Esplanade Theatre Studio/Last Friday

Entering a courtroom is something like entering a gladiator's ring. The verbal sparring cuts to the quick, the witnesses are demolished on the stand and one can almost hear the clang of metal on metal as lawyers cross swords.

Singapore theatre director Nelson Chia's confident and compelling staging of Twelve Angry Men takes that cold hand of justice and strips it down to its shaky emotional core.

From the moment his 12 angry men shuffle into the jury room to the second the last person leaves, the audience is presented with an engrossing scrutiny of justice, prejudice and what it means to be human.

The play's premise will be familiar to anyone who has seen the classic 1954 teleplay of the same name: Twelve jurors have to decide if a 16-year-old boy is guilty of stabbing and killing his father. The penalty is the gallows and these 12 men need to reach an unanimous decision. Suffice to say, they do not.

Twelve Angry Men is presented under the banner of Nine Years Theatre, the latest addition to Singapore's growing list of theatre companies, as well as the Esplanade's annual Huayi - Chinese Festival of Arts.

American playwright Reginald Rose's seminal script gets an all-Mandarin treatment and the result is startlingly refreshing. Chia's translation of the work gives his small orchestra of actors a text that is as lyrical as it is incisive.

Every twist and turn in the sinuous plot is treated with care and Chia brings a subtlety and a taut pace to a talky work that could otherwise turn repetitive and shouty.
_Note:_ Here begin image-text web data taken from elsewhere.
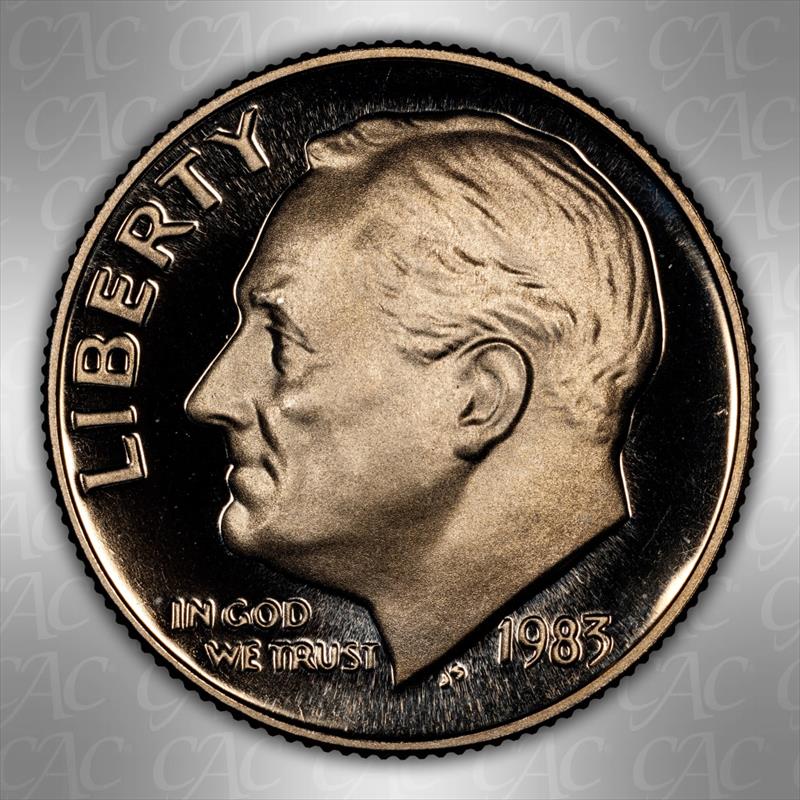 1983 No S 10C CACG PR 69 DCAM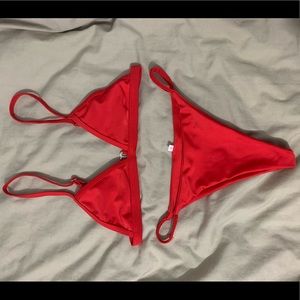 Red zaful bikini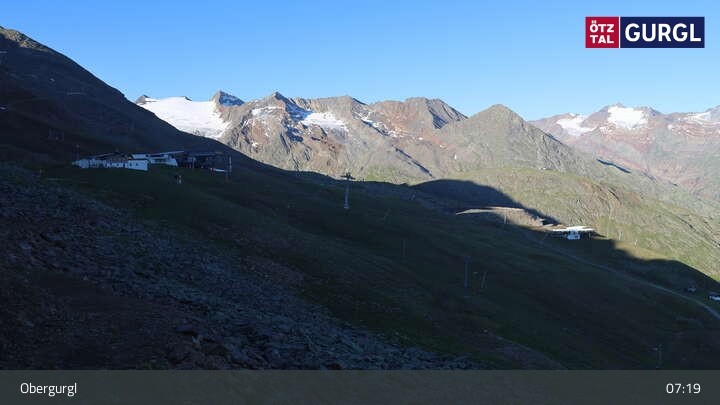 Archiv Foto Webcam Obergurgl: Blick Festkogel
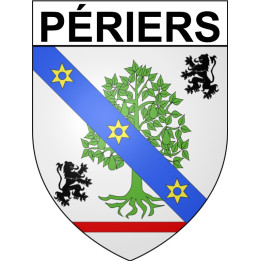 Pegatinas escudo de armas de Tourlaville adhesivo de la etiqueta engomada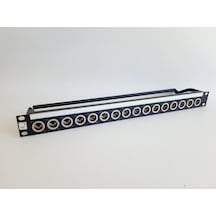 Argosy 16 Port Erkek Xlr Patchbay Panel DP-00-0016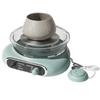 Continuously Variable Speed Professional Ceramic Machine Handmade Clay and Pottery Teaching Equipment Grey/Green Electric Pottery Machine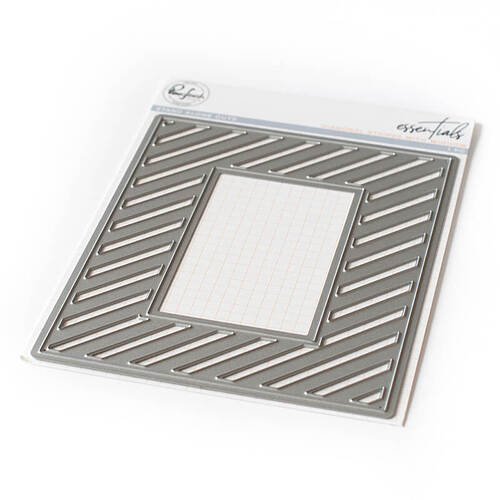 Pinkfresh Studio Dies - Essentials: Diagonal Stripes With Window PF022ES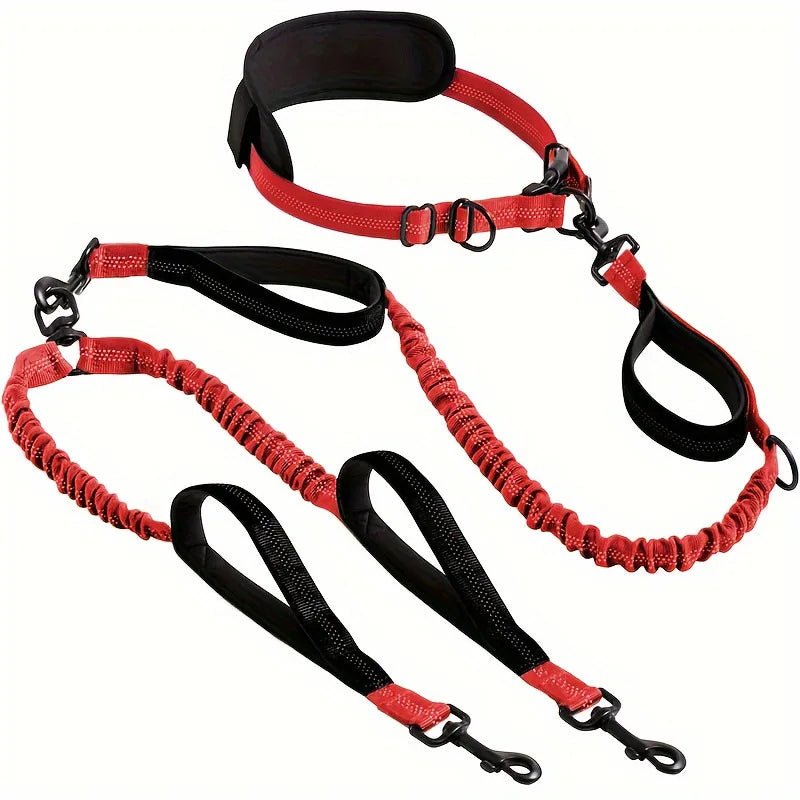 Explosion-Proof Short Elastic Buffer Pet Leash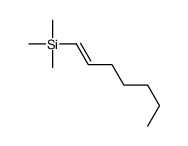 hept-1-enyl(trimethyl)silane Structure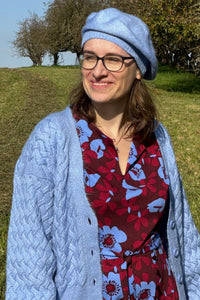 Strickmütze Cornflower Beret, Blue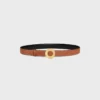 Klamra CELINE Disc i dwustronny pasek 25 mm Klamra CELINE Disc i dwustronny pasek 25 mm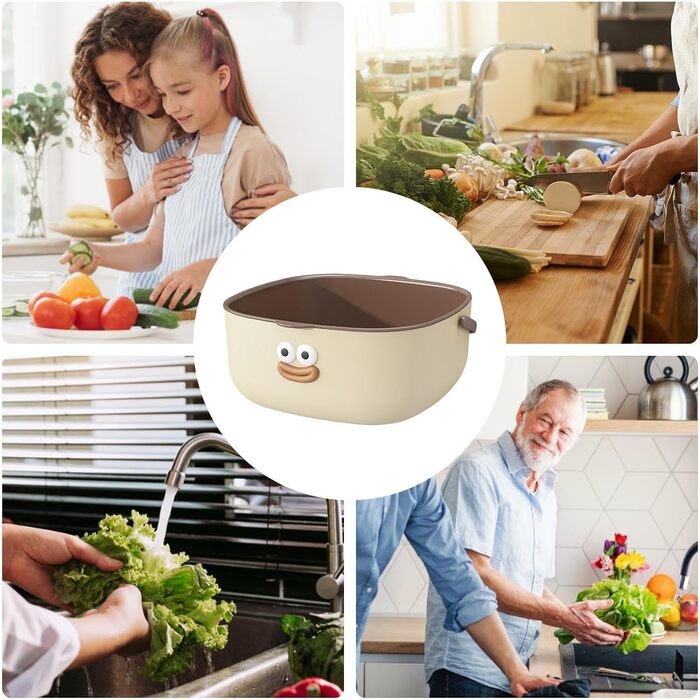 Кухонний миска-друшляк 26,9 х 26,4 х 11,7 см Uonguon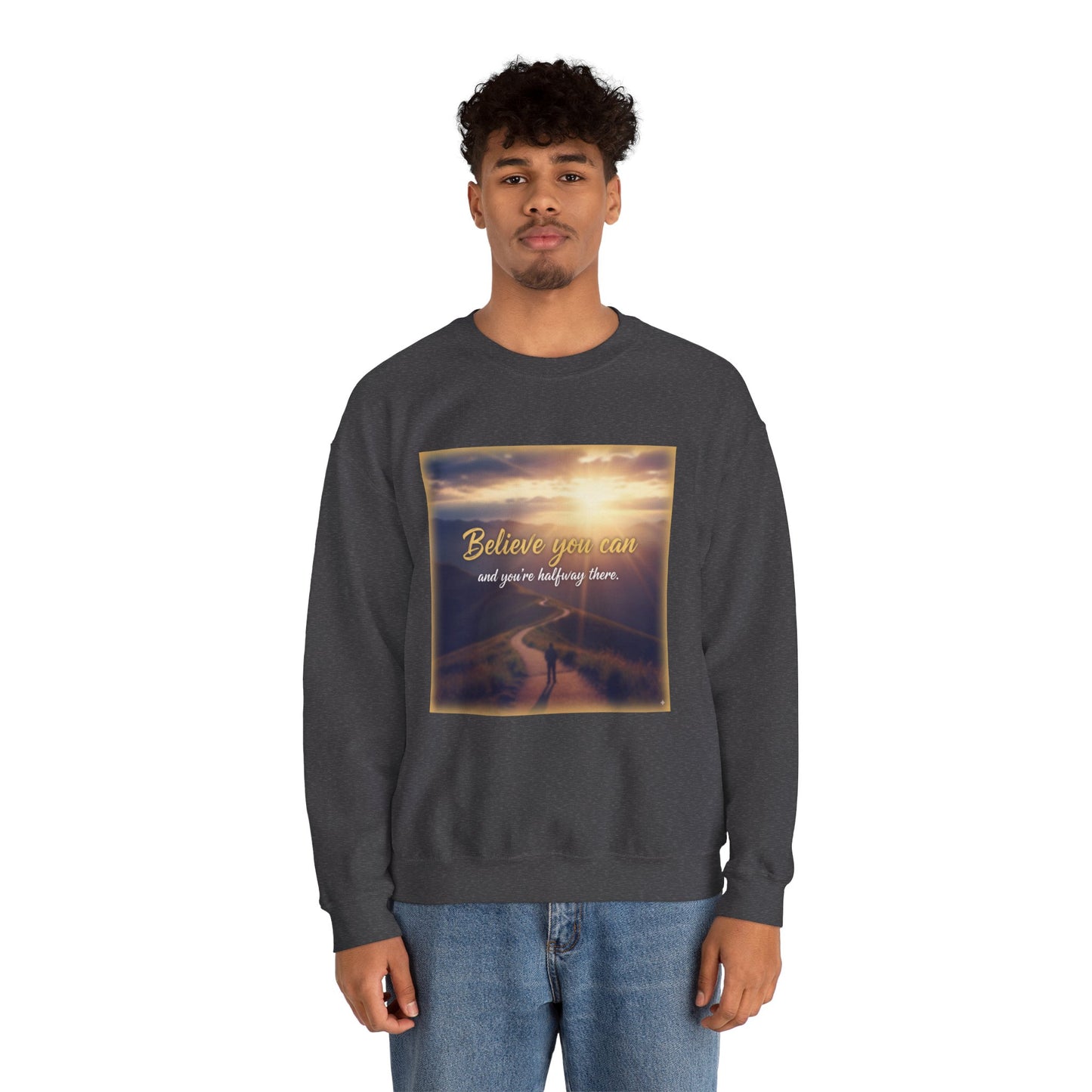 Inspiring Quote Crewneck Sweatshirt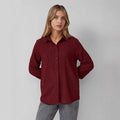 fashionpolo collar long sleevesshirt women's  spring new arrivalfashionelegant formal tops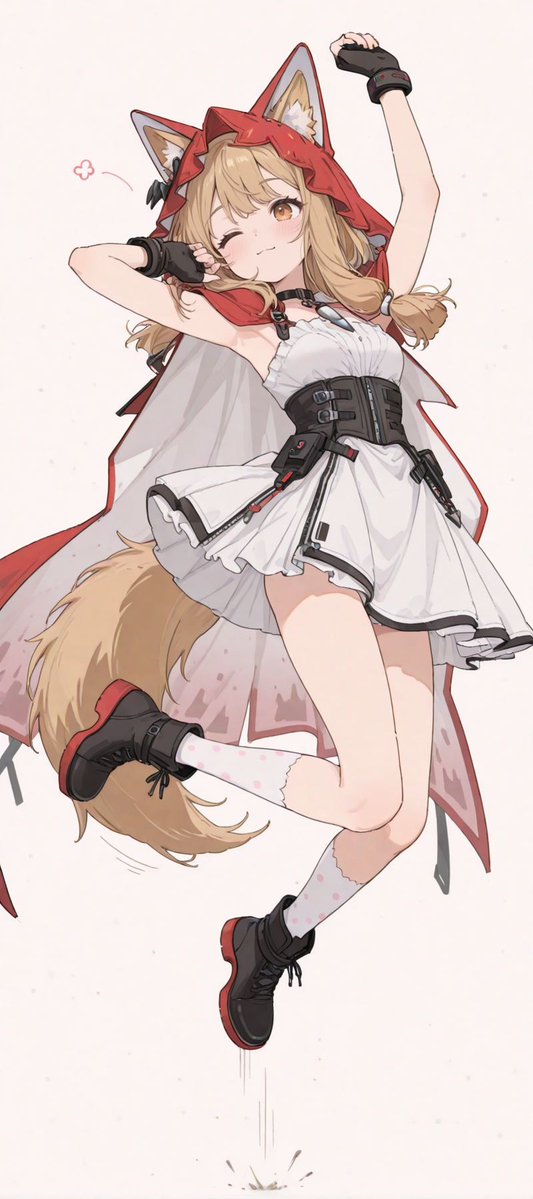 irimariririwari's tweet image. これはジャンプがかわいいロッシちゃん(1/2)
Arknights Endfield #Rossi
His attention to detail permeates every inch of the play, from the distinctive body language of each character to the eerie whirring of the wall-mounted fan when the room goes silent.

Special mention must go to Wong Chee Wai's elegant set, with a forced perspective that lends the jury room an ominous sense of claustrophobia.

Each scene is choreographed deftly - the cluster of men pulls together and falls apart in beautiful visual phrases - without any of the clunky chess-piece arranging that can come with larger ensembles.

Not all of the actors are evenly matched in presence and craft. Some of the smaller roles get swallowed up in the fray and some of the actors are visibly and audibly uncomfortable when it comes to speaking in Mandarin. But there are definitely several actors who hold court. And as a whole, their chemistry tingles.

Jeffrey Low cuts a commanding figure as the architect, the lone voice of dissent in a cacophony of "guilty" verdicts, a role made famous by Henry Fonda in the 1957 film directed by Sidney Lumet. Tay Kong Hui, who plays the primary antagonist, navigates a blistering rollercoaster of passion and pain in his attempt to win the jury over to his point of view.

And despite a smaller speaking role, Chinese theatre stalwart Johnny Ng manages to knit the entire cast together as the jury foreman, with his effortless gravitas and nuanced delivery.

Together, the characters dissect the minutiae of the crime's evidence and ponder - What is "beyond a reasonable doubt"? Will they be setting a murderer on the loose? Or will they be saving an innocent boy from the hangman? Do they have the right to judge another human being? What are their secret (and not-so-secret) personal prejudices? And can emotion and justice ever be separated?

Chia keeps the rhythm of the work going at a tight clip and his choice of setting Twelve Angry Men in an unnamed metropolis gives the play a universality that hits home across cultures. Whether one is reminded of the chilling xenophobia that has started to grip Singapore or the ignorant racism that continues to exist today, this 1950s play reveals that, sadly, while certain things have changed for the better, others have changed for the worse.

And it is still a burning reminder that more than 50 years later, the figures who populate the judicial system are not just righteous and angry. They are tired, frustrated and flawed - and also deeply and powerfully human.

In a nutshell, my verdict is: excellent.